The answer must be the full data, restated word for word, with no pictures in it.

Material provided below:

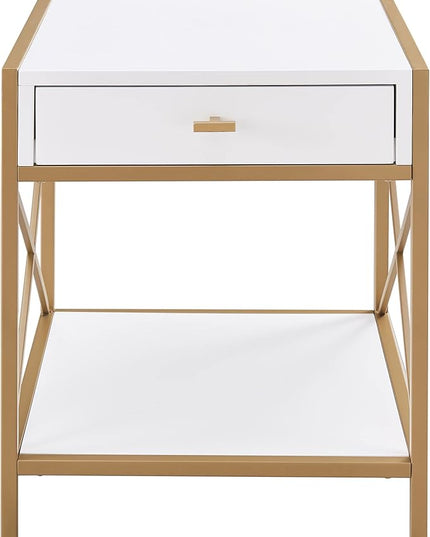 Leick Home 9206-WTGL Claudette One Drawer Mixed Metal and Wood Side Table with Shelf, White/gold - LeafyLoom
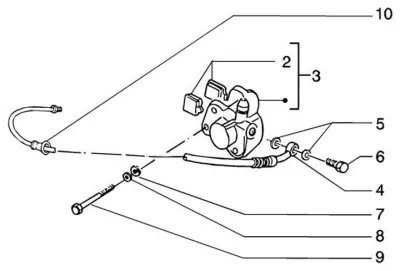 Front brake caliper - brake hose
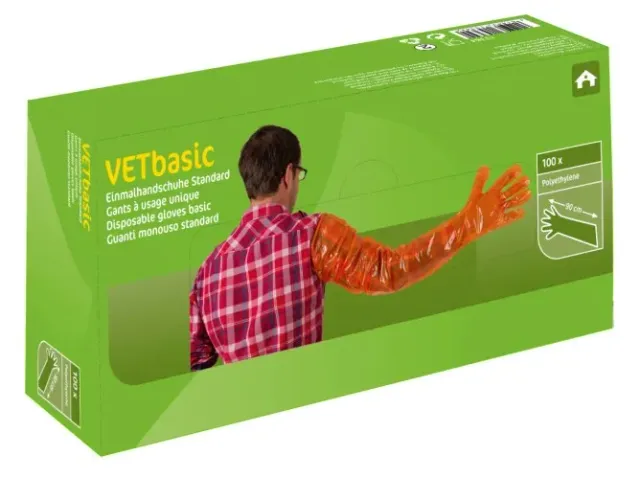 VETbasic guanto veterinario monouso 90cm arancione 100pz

End of Material provided.

Answer
 Leick Home 9206-WTGL Claudette One Drawer Mixed Metal and Wood Side Table with Shelf, White/gold - LeafyLoom
 Front brake caliper - brake hose
 VETbasic guanto veterinario monouso 90cm arancione 100pz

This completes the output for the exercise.